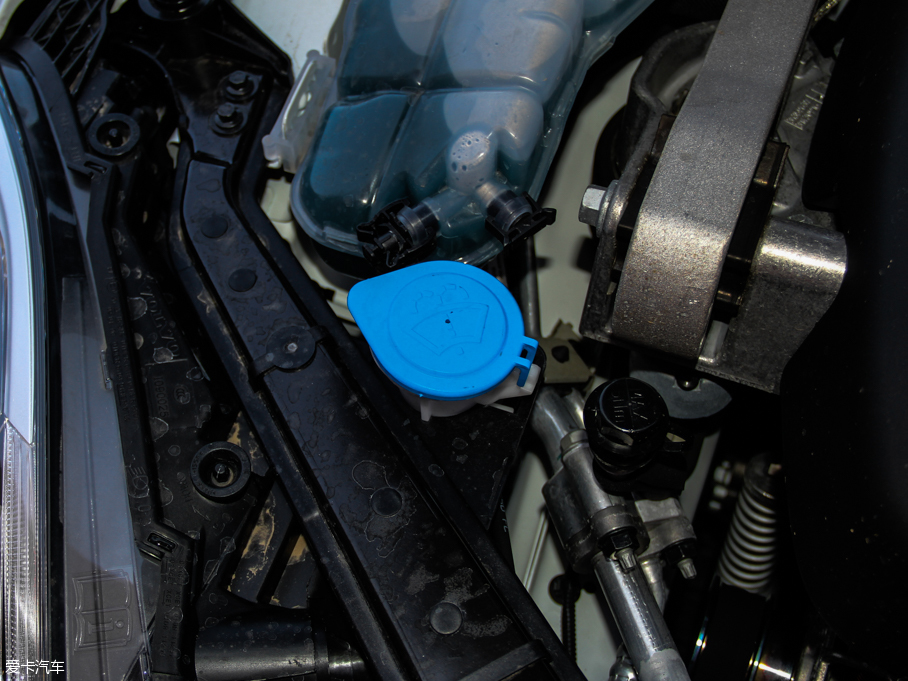 2016֠V40 2.0T T4 Ű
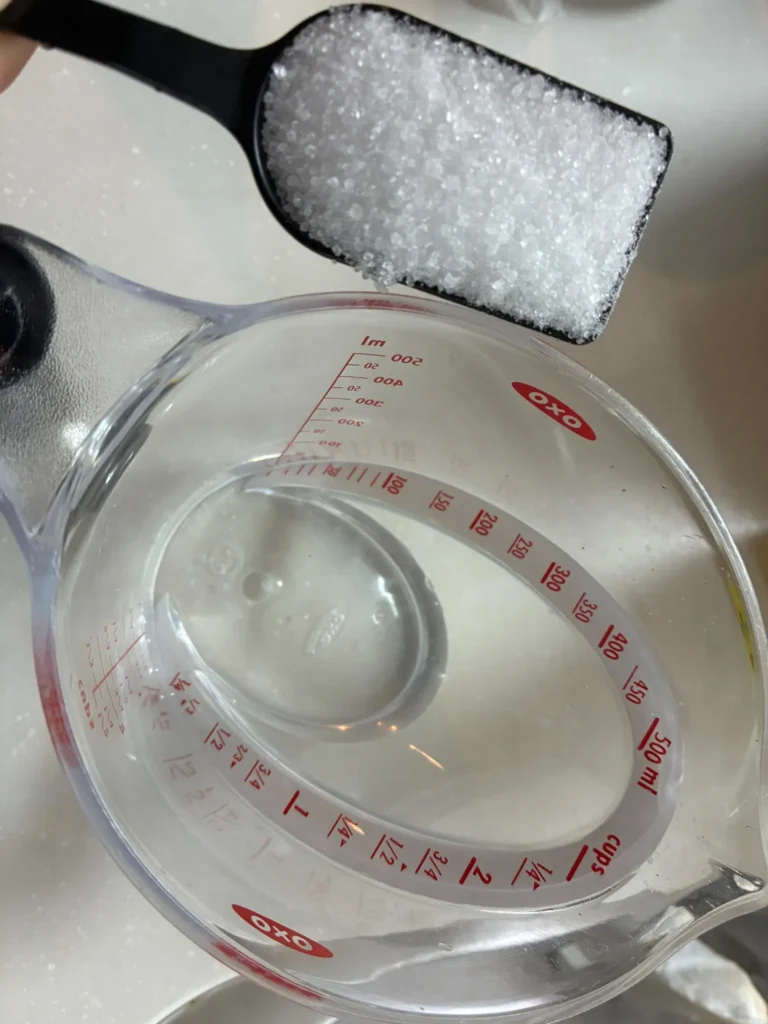 ピジョン ポチっとのお手入れでクエン酸と水を混ぜる様子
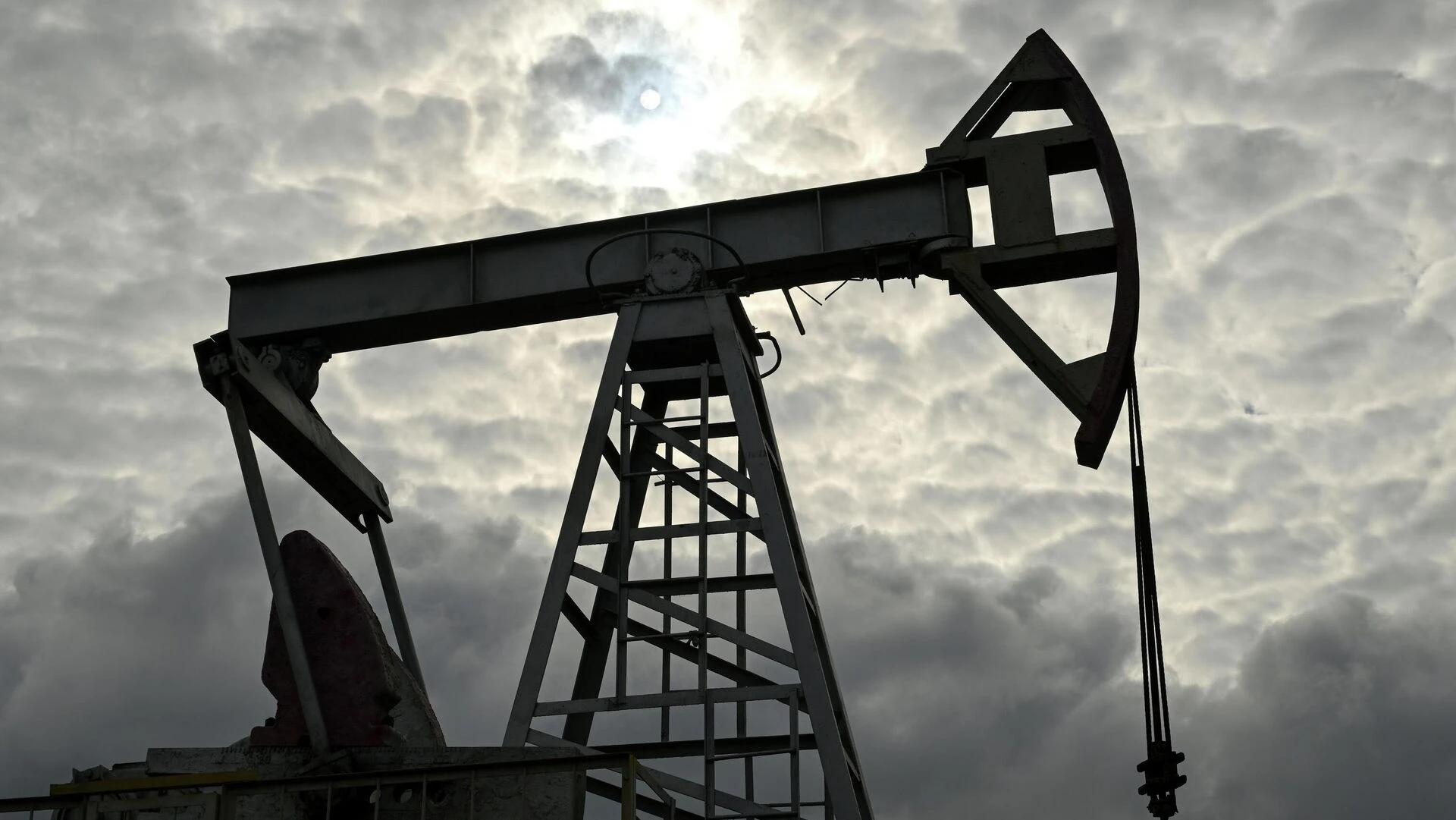 Brent стоит меньше $80 за баррель впервые с 3 марта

----------

> [Work order]
None of the pictures belong in the copy; repeat all other material exactly.

> [Written solution]
 2016֠V40 2.0T T4 Ű
 ピジョン ポチっとのお手入れでクエン酸と水を混ぜる様子
 Brent стоит меньше $80 за баррель впервые с 3 марта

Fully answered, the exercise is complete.